ソニー、“白画素”を追加したデジカメ用液晶モジュール


 ソニーは10日、“白い画素”を追加したデジタルカメラ向け新型液晶モジュール「WhiteMagic」(ホワイトマジック)を商品化したと発表した。10月上旬から出荷を開始する。サンプル価格は5,000円。

3型123万ドットのWhiteMagic(ACX432AKM)

 WhiteMagicは従来のRGB画素に加えて、W(白)画素を加えた「RGBW方式」を採用した液晶モジュール。今回商品化したのは、3型123万ドット(640×RGBW×480。フルVGA)低温ポリシリコンTFTの「ACX432AKM」。色再現性はNTSC比60%。コントラスト比は1,000:1。視野角は上下左右160度。

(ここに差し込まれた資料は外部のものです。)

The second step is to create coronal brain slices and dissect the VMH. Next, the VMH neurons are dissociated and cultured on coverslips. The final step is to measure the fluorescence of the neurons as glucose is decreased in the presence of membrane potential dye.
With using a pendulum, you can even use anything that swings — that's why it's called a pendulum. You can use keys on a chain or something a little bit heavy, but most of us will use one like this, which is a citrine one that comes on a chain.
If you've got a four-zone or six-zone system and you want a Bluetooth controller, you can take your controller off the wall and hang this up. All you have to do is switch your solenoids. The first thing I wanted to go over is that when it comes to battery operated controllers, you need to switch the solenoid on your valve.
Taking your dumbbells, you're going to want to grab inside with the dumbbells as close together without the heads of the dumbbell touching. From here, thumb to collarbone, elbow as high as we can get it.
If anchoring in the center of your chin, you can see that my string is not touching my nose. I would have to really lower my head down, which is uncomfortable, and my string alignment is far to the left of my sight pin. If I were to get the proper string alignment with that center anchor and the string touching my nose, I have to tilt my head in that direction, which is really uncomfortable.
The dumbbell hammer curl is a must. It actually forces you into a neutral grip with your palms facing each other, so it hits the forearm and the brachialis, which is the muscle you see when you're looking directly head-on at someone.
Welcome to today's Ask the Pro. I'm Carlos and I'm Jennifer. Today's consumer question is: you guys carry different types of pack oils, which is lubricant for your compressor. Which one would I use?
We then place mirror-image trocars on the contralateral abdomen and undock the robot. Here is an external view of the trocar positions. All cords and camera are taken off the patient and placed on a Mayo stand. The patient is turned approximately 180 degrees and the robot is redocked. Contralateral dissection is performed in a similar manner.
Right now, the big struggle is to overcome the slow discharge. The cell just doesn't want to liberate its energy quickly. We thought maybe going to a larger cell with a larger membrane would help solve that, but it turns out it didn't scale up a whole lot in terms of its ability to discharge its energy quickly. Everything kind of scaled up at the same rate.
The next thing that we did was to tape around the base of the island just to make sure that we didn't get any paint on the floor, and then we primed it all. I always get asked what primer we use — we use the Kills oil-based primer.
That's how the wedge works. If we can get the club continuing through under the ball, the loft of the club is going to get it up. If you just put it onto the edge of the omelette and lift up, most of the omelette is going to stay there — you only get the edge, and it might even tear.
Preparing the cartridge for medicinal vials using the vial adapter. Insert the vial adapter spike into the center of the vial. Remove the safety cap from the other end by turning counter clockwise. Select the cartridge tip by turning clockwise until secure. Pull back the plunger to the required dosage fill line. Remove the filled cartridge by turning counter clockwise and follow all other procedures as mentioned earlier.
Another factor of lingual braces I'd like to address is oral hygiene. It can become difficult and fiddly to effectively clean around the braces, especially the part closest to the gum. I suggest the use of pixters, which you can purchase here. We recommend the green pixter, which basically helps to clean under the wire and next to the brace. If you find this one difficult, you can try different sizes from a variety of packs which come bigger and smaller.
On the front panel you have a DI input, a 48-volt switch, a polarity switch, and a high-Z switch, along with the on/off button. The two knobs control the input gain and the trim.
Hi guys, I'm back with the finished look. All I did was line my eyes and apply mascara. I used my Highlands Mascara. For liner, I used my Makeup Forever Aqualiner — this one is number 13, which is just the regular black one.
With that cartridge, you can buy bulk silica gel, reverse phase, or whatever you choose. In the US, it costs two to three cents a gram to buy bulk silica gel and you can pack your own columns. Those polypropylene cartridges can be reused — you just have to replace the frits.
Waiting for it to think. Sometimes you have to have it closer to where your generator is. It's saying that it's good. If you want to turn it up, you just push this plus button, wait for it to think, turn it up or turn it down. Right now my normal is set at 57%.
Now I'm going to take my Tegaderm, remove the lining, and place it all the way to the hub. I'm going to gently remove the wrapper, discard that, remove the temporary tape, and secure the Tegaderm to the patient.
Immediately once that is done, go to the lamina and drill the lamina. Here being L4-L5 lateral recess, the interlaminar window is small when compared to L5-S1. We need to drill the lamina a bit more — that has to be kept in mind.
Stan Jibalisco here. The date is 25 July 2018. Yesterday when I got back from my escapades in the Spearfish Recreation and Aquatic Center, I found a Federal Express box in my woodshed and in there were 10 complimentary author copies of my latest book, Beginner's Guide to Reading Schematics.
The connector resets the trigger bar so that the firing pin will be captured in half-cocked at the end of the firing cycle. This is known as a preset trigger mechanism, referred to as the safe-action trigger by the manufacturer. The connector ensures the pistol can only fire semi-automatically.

 白画素を加えると画像劣化に繋がる傾向があるが、WhiteMagicでは新開発のアルゴリズムによって入力画像を処理。画質劣化無く表示できるという。

 これによりバックライトの消費電力を約半分にしても、従来と同じ明るさを維持できる「低消費電力モード」の搭載が可能になった。また、これまでに比べて輝度を約2倍に向上させ、屋外での視認性を高められる「屋外モード」も搭載する。

 低消費電力モード時の表面輝度は470cd/平方m、消費電力は225mW(バックライト125mW)。屋外モードは同1,000cd/平方m、400mW(バックライト300mW)となる。

 WhiteMagicは、スマートフォンなどのモバイル機器向けにも応用可能という。